What MyInvois requires
Every invoice submitted to MyInvois must include:
- Tax Identification Number (TIN): Both the supplier and buyer must have valid TINs registered with LHDN.
- MSIC Classification: Your business activity must be classified using the Malaysia Standard Industrial Classification code.
- UNSPSC Codes: Each line item should be classified using the United Nations Standard Products and Services Code.
- Digital Signature: Invoices must be digitally signed using a valid certificate.
- PEPPOL UBL Format: The invoice must be structured as a PEPPOL UBL XML document.
Validation before submission
Submitting an invalid invoice to MyInvois results in rejection. Your system should validate the invoice before submission: is the TIN valid? Are the MSIC codes correct? Is the tax calculation accurate? Does the XML conform to the PEPPOL UBL schema?
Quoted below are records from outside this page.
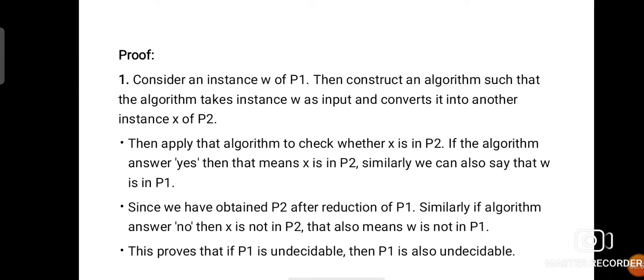Then apply the algorithm to check whether X is in P2. We have to ensure whether the second instance X belongs to P2. If the algorithm produces the answer yes, then that means X belongs to P2, and we can also say that W is in P1, since we have obtained P2 after reduction of P1. Similarly, if the algorithm answers no, then X is not in P2, which also means W will not be in P1. So if the instance X is not in P2, then the instance W will also not be present in P1. This proves that if P1 is undecidable, then P2 will also be undecidable.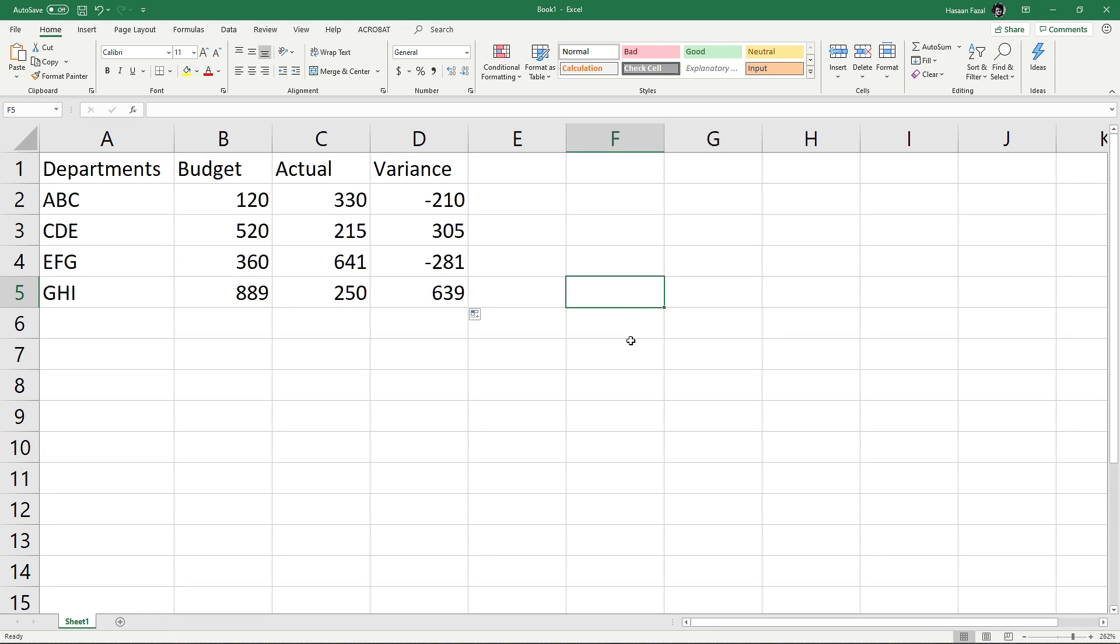Welcome back to another quick tip Excel video. Today we are learning how to keep just the values by removing the formulas.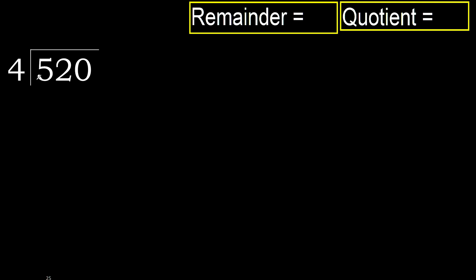520 divided by 4. 5 is not less, therefore with 5.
Catching errors before submission saves time and avoids the back-and-forth of rejected invoices.
Built-in, not bolted on
Some systems treat e-invoicing as an export format — generate the invoice normally, then export it as XML. This creates a gap where the invoice in your system and the invoice submitted to MyInvois can diverge.
The better approach is to build compliance into the invoice from the start. When you create an invoice, the TINs are validated, the MSIC codes are applied, and the tax scheme is configured. The XML is generated from the same data that produces the PDF. One source of truth, two output formats.